Collected material below:

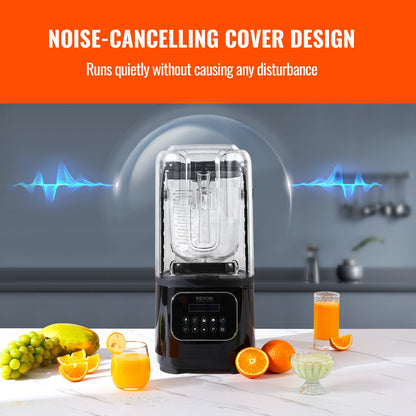 Professional Blender with Shield, Commercial Countertop Blenders, 68 oz Glass Jar Blender Combo, Stainless Steel 9 Speed & 5 Functions Blender, for Shakes, Smoothies, Peree, and Crush Ice, Black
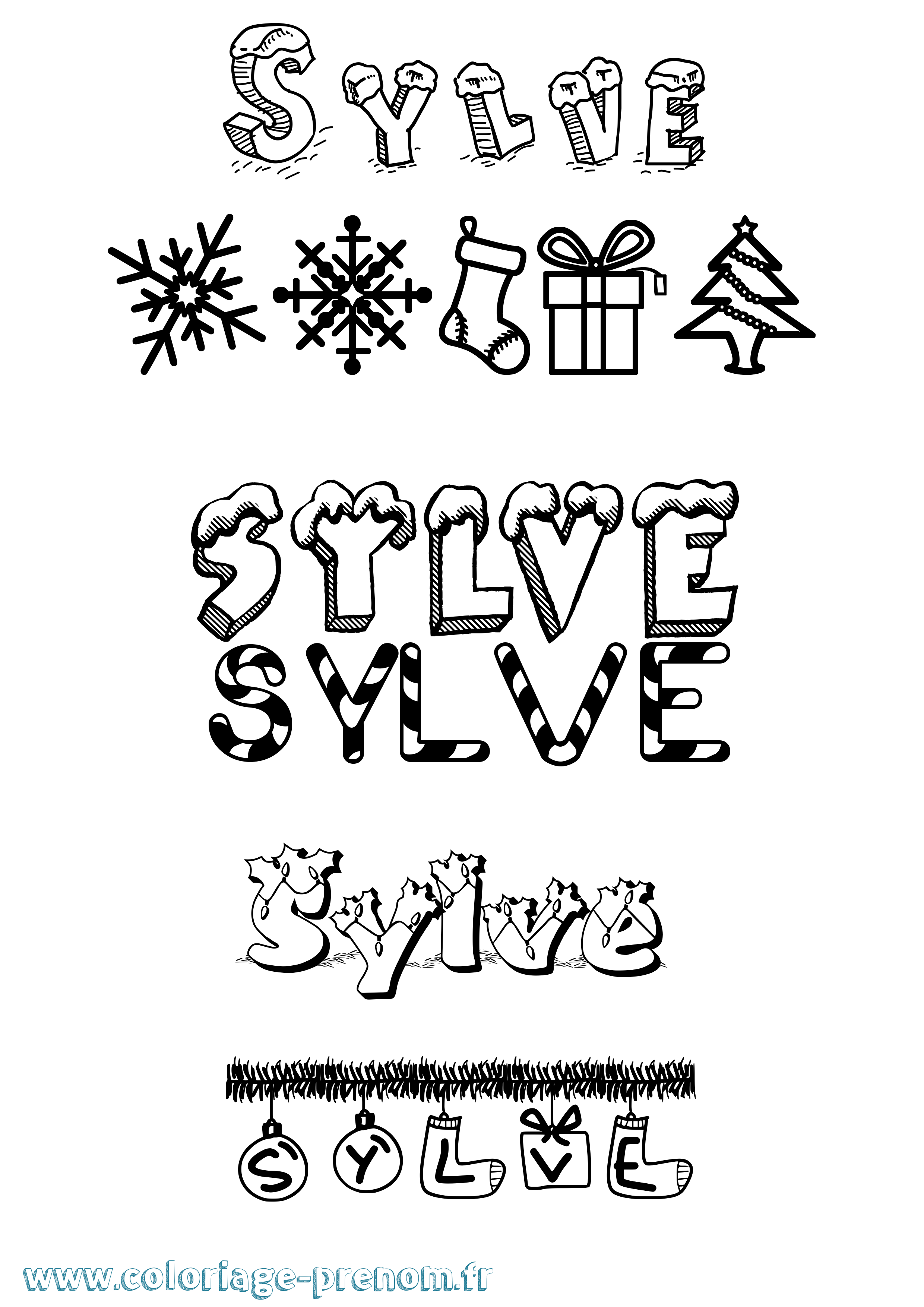 Coloriage Sylve Noël Coloriage prénom Sylve Noël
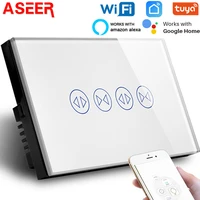 aseer auus standard smart wifi double curtain switch for shuttertouch screen glass switch panelcompatible alexagoogle home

End of Collected material.

Task goal.
Pictures do not belong in the copy. Repeat exactly each line from the one with "Coloriage Sylve Noël" through the end of the listing.

Response area.
 Coloriage Sylve Noël Coloriage prénom Sylve Noël
 aseer auus standard smart wifi double curtain switch for shuttertouch screen glass switch panelcompatible alexagoogle home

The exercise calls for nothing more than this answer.